Other pieces of Carei’s work come from stories of hope.

Carei is perhaps most proud of a piece a patient inspired her to make. Like many of Carei’s patients, the woman had a long history of trauma and drug abuse and struggled with repeat incarceration. She got into fights. She had low self-esteem and did things to hurt herself. The only place the woman said she felt safe was behind prison walls.

Carei Hot Shop
Dr. Rain Carei inserts glass into the opening of a furnace at the Tacoma Glassblowing Studio to be heated. Carei uses glass blowing as a way to alleviate job-related stress. Photo credit: Rachel Friederich, Washington State Department of Corrections

“Every time she would leave, she would hand me her stuff and say, ‘I’ll see you when I get back.’”

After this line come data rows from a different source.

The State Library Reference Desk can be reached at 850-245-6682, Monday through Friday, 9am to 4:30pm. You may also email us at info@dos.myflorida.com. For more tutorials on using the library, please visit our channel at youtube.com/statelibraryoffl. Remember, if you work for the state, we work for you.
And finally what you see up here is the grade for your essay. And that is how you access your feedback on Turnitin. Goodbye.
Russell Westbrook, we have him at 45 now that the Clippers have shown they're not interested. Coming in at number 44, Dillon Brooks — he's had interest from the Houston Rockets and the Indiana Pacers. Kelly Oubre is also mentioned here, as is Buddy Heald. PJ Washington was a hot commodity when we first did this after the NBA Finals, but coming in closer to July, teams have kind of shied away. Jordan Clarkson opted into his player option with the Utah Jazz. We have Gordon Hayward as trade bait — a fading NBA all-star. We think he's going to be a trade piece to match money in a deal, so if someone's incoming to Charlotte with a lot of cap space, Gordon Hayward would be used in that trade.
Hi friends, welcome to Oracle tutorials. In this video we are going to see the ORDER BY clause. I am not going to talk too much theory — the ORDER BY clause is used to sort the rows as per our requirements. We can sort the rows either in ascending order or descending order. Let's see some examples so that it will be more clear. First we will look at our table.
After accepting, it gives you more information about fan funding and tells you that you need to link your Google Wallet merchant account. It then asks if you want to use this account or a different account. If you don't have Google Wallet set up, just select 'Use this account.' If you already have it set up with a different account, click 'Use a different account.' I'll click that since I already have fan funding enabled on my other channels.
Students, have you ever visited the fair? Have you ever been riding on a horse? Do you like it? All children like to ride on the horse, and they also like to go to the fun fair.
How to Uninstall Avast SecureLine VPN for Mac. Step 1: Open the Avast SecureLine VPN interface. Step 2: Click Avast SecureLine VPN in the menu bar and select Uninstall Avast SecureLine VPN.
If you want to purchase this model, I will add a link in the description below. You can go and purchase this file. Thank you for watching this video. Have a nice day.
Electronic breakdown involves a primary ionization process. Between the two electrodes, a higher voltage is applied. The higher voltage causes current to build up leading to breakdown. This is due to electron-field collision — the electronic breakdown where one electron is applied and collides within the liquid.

Carei worked with the patient over many months, discussing her trauma and ways she could change her lifestyle and outlook to stop the pattern of incarceration. More than two years have passed since Carei’s patient last left prison, and she hasn’t returned. Carei’s art tells the woman’s story. The piece contains several amber-colored slabs, and jagged fragments sharp enough to cut through flesh. It also has a black grain in the center.

“It represents that she’s falling apart. Repeated incarceration is taking a toll on her,” Carei said. “It represents all the stuff that’s bubbling out, and the top is all the stuff she is trying to unpack. And the piece in the center represents the core part of her that’s inside her but it’s difficult to find.”

Psychological Defenses

Carei’s latest series centers on concepts known as “psychological defenses.” Psychological defenses—31 in all—are unconscious mechanisms people use to protect themselves from anxiety.

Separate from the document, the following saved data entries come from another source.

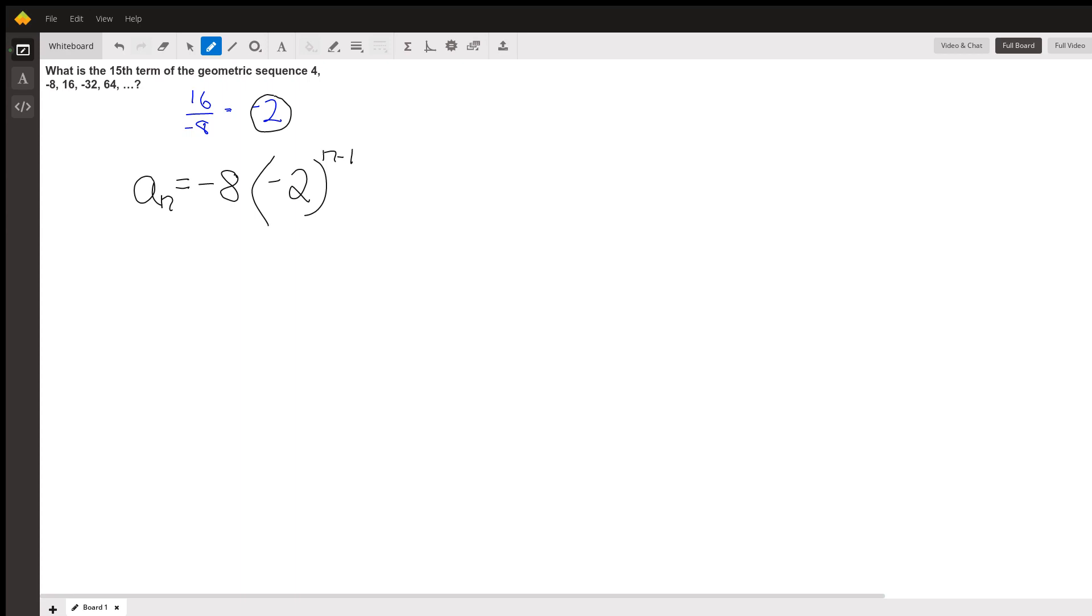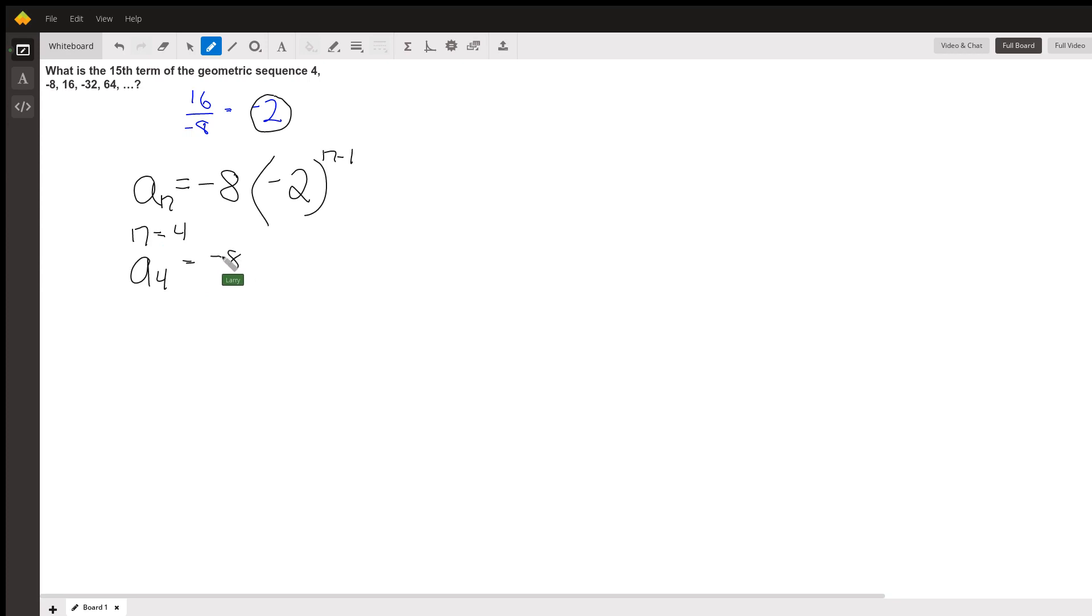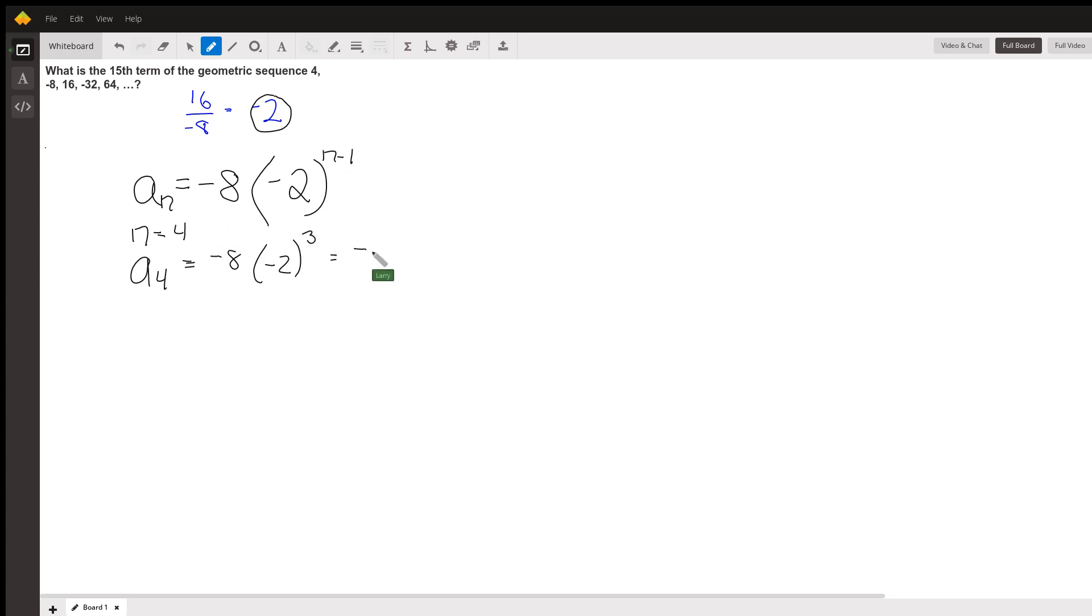Okay, so let's just check that. Let's check if the fourth term, when n equals 4, so a sub 4 equals negative 8 times negative 2 to the n minus 1. 4 minus 1 is 3. Negative 2 to the third is negative 8, so negative 8 times negative 8. That's 64. Let's see if the fourth term is 64. It is. So our formula works out right.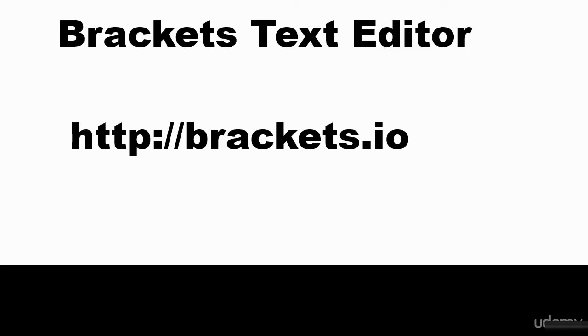Hello and welcome. In this video, I will guide you through how to download and install Brackets text editor. This is a brilliant text editor by Adobe. It is cross-platform, so it will work on a Mac and a Windows machine.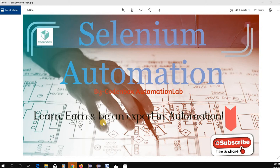Hey, welcome to our CodenBox Automation Lab. Today we're going to learn a very interesting topic called headless automation — how to perform headless browser testing in Selenium.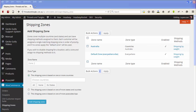Hi, this is Christine from geckogullywebsites.com. I've had a couple of people who have requested a quick tutorial on how to actually update your rates for the Table Rates Shipping Plugin for WooCommerce.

One of her recent projects she worked on at the glass studio is “projection,” which consists of two green spheres. The sphere on the right has bumpy orange masses and the sphere on the left has long, snakelike strands oozing out of the top like lava. Between the spheres are some unshaped blobs.  The sphere on the left is “projecting” emotion onto the other sphere.

Rain Hot Glass
Dr. Rain Carei uses a pair of metal tongs to grip and shape a ball of hot glass. Photo credit: Rachel Friederich, Washington State Department of Corrections

“That’s what happens when you project your emotions onto somebody,” Carei said. “Like when you’re really angry and you can’t handle it and you start pushing it onto somebody else. The problem is it creates a huge mess, and trying to untangle that mess is really hard.”

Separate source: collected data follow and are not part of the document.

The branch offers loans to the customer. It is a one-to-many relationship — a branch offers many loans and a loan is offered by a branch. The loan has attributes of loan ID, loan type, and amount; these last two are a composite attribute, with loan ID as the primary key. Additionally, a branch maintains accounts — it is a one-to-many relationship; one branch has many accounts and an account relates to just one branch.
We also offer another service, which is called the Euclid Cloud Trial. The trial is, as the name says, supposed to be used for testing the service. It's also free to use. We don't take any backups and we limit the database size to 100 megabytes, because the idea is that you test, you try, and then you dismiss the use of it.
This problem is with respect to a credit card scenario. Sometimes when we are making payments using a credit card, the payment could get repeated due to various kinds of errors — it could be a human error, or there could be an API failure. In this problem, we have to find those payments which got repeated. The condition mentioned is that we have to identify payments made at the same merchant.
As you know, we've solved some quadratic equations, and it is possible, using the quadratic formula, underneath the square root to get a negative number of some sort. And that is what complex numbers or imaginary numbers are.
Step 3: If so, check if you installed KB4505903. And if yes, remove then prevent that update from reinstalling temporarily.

She’s planning on designing pieces to illustrate each defense and present them at a psychology conference this spring. She says creating representations of each defense helps her understand them better so she can understand her patients’ needs better. She hopes her work will have the same effect on peers who attend the conference.

“I love trying to understand something on the deepest level possible,” Carei said.  “When you learn something in multiple modalities, it’ll make you stronger in whatever it is you’re understanding. I’m spending all my time listening to people and then when I come in here and make it tangible, I strengthen that ability even more.”